McLane Minnesota Inc., c/o TALX UCM Services Inc., (respondent).

Lee B. Nelson, Amy R. Lawler, Department of Employment and Economic Development, (for respondent Department).

Considered and decided by Connolly, Presiding Judge; Peterson, Judge; and Johnson, Judge.


This opinion will be unpublished and may not be cited except as provided by Minn. Stat. § 480A.08, subd. 3 (2008).


UNPUBLISHED OPINION


Chad F. Smith was employed by McLane Minnesota Inc., a grocery distributor. McLane terminated Smith for excessive tardiness. An unemployment law judge determined that Smith is ineligible for unemployment benefits because he engaged in employment misconduct. We affirm.

FACTS

Smith worked for McLane from January 2006 to January 2008, on the loading dock of McLane's warehouse, where he received and processed goods that had been returned by customers.

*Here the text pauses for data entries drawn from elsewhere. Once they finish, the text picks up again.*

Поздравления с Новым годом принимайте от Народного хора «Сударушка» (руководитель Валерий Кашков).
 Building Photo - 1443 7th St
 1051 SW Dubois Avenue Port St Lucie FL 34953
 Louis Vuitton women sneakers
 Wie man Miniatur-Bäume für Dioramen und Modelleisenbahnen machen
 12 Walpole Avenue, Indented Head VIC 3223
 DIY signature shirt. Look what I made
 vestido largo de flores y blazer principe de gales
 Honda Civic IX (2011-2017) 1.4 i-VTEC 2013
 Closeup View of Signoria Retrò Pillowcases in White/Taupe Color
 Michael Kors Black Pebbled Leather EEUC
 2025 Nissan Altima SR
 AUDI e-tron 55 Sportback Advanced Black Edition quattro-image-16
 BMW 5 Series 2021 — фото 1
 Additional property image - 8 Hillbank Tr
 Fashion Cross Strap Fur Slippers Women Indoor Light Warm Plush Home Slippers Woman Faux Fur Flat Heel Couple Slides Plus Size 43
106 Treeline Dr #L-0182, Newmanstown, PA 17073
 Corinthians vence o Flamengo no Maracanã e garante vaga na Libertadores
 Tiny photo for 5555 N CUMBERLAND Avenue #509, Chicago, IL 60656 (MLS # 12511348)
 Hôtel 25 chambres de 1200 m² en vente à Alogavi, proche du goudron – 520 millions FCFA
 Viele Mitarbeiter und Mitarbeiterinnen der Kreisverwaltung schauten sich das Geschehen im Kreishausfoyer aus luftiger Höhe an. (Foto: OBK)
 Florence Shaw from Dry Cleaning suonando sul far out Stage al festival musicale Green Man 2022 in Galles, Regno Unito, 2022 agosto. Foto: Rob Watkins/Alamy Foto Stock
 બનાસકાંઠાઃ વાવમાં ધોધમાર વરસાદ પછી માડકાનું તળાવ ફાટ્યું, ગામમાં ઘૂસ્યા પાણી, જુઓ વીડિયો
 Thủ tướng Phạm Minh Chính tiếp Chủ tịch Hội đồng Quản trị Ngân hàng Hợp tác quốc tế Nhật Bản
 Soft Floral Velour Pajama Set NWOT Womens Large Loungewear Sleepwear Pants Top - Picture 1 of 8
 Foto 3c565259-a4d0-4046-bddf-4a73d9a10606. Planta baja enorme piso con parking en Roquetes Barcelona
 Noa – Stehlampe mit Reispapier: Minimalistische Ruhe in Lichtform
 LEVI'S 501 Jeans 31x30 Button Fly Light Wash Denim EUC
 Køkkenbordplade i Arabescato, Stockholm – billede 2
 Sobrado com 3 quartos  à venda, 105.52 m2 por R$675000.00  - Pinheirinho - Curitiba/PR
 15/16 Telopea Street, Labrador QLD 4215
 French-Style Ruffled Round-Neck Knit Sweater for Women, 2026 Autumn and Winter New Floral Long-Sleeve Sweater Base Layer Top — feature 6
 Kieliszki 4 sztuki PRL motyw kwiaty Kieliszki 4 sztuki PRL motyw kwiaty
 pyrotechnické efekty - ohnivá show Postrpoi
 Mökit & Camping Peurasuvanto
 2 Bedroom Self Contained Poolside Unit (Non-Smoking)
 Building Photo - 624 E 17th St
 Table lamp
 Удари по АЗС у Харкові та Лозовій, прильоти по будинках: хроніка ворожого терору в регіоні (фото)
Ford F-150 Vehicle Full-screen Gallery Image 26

When he was hired, Smith received a copy of the McLane attendance policy, which includes a progressive discipline system for "off-schedule" violations, a term that is defined to mean an incident of tardiness that is more than three minutes but less than two hours. For an employee's first six off-schedule violations, the company does not take any corrective action against the employee. If an employee commits a seventh, eighth, or ninth off-schedule violation, the company gives the employee an oral warning, a written warning, or a final warning, respectively. If an employee commits a tenth off-schedule violation, the policy calls for the employee's termination.

The policy also allows an employee, in certain situations, to receive "no corrective action" credits, which reduce the number of off-schedule violations on the employee's attendance record. An employee may receive one credit by working four consecutive months without a new violation. An employee automatically receives six credits at the conclusion of each calendar year, unless the employee is at the final-warning stage.

In 2007, Smith was cited for nine off-schedule violations. Because he was in final-warning status at the conclusion of the year, he was ineligible for the annual allocation of six credits. In January 2008, Smith was cited for his tenth off-schedule violation when he was approximately seven minutes late returning to work after a lunch break. Pursuant to its policy, McLane terminated Smith's employment the following day.

After Smith applied for unemployment benefits, the Department of Employment and Economic Development (DEED) initially determined that he was eligible. McLane appealed that determination. After a telephonic hearing, an unemployment law judge (ULJ) determined that Smith was ineligible for benefits because his violations of the attendance policy constituted employment misconduct. After Smith requested reconsideration, the ULJ affirmed the determination of ineligibility. Smith appeals by way of a writ of certiorari.

DECISION

This court reviews a ULJ's decision denying benefits to determine whether the findings, inferences, conclusions, or decision are affected by an error of law or are unsupported by substantial evidence in view of the entire record. Minn. Stat. § 268.105, subd. 7(d) (Supp. 2007).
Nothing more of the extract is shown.